> Source material
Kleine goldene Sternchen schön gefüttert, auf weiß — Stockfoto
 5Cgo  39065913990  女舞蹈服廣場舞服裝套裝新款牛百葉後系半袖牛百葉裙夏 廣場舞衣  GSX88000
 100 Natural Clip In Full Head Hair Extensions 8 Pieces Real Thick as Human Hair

> What to work on
Would you output the entire listing exactly as written?

> Worked solution
Kleine goldene Sternchen schön gefüttert, auf weiß — Stockfoto
 5Cgo  39065913990  女舞蹈服廣場舞服裝套裝新款牛百葉後系半袖牛百葉裙夏 廣場舞衣  GSX88000
 100 Natural Clip In Full Head Hair Extensions 8 Pieces Real Thick as Human Hair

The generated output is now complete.